As I continue on my journey of constant learning, I'm reminded at almost every step of how forgetful we humans can be. We learn a lesson and think, This is great!, yet as time goes by, the knowledge falls away until we come across the lesson again.
Here's a case in point:
I know the importance of including the five senses in order to make scenes more vivid, which in turn involves readers to a much higher degree, and have even written about and lectured on the topic. Yet only today while reading writer and editor Sol Stein's chapter on the five senses in Stein on Writing, I realized I have backed off studying and portraying touch, taste and smell, senses writers typically forget.
The thought occurred after reading an exercise Stein proposes: to listen to a cat and phonetically spell the animal's various sounds. I don't have a cat, but immediately understood Stein's point: if we stopped to think about how something really sounds, feels, tastes, looks and smells, we'd find that the reality has little to do with the cliches we carelessly dredge up and drop into place while preoccupied with writing. We're so concerned about the overall story, we throw in a meow when necessary, even though the word bears almost no resemblance to the many sounds a cat makes.
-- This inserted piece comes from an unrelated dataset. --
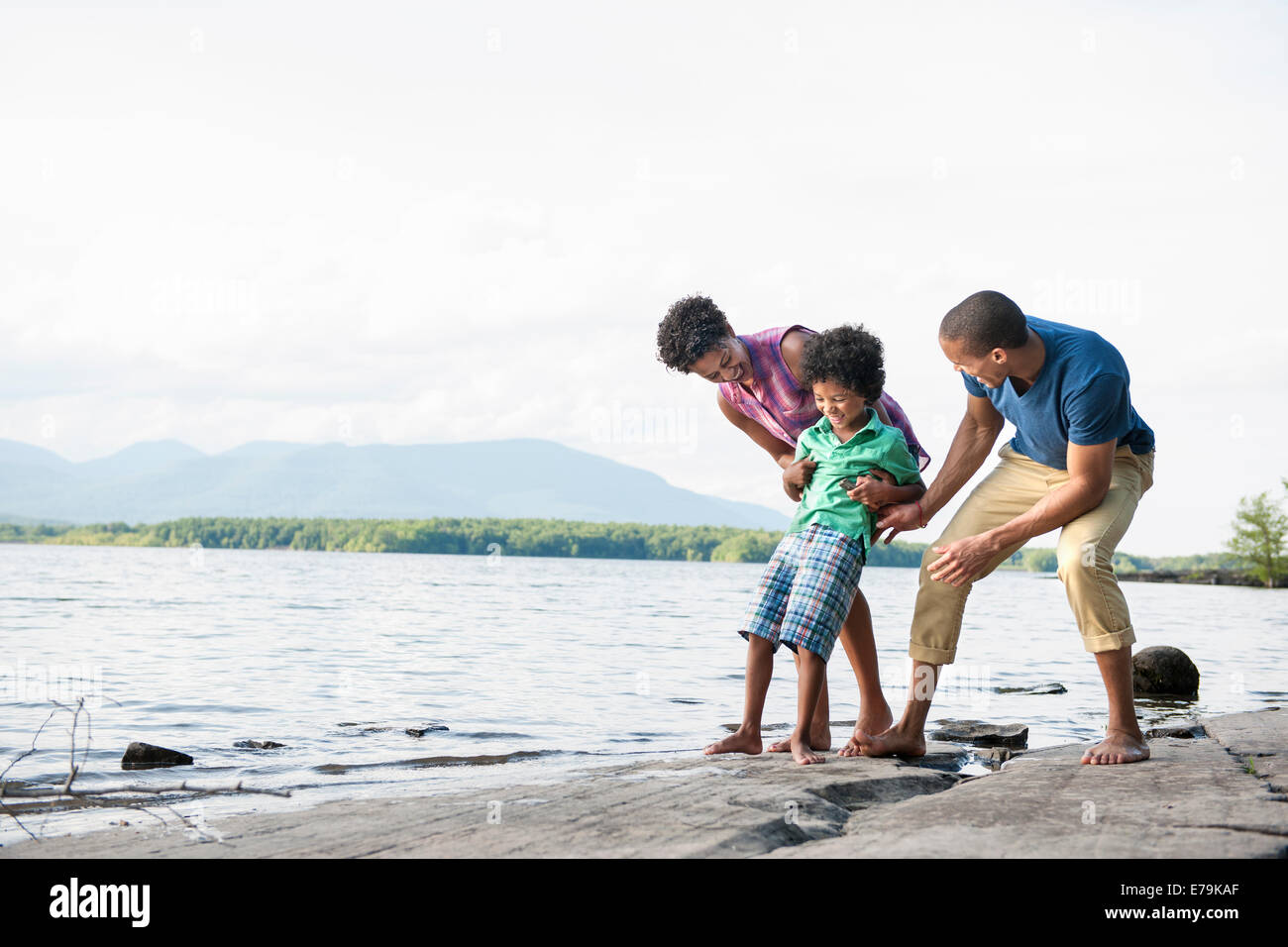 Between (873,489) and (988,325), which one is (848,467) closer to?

Another exercise Stein suggests is to describe the shape and feel of your keychain. Can't do the exercise without reaching into your pocket or purse for a quick feel? Most of us couldn't, which leads to his second point:
We might be average folks in our daily lives, but as writers, we've got to be exceptional in our ability to slow down and scrutinize a scene via all five senses, which means tossing out the cliches—
• the dusky smell of a rose
• the scritch-scratch of her pantyhose as she walked
• his prickly, unshaven face
• the sour taste of bile
—in favor of sensory details that drop readers a mile deeper into the action.
For a deeper appreciation of the senses, Stein suggests Diane Ackerman's The Natural History of the Senses.
Thus concludes this lesson on the importance of re-learning lessons, no matter how basic. And if you happen to miss this entry, fear not. I'll no doubt be reiterating the subject again, and again, and again.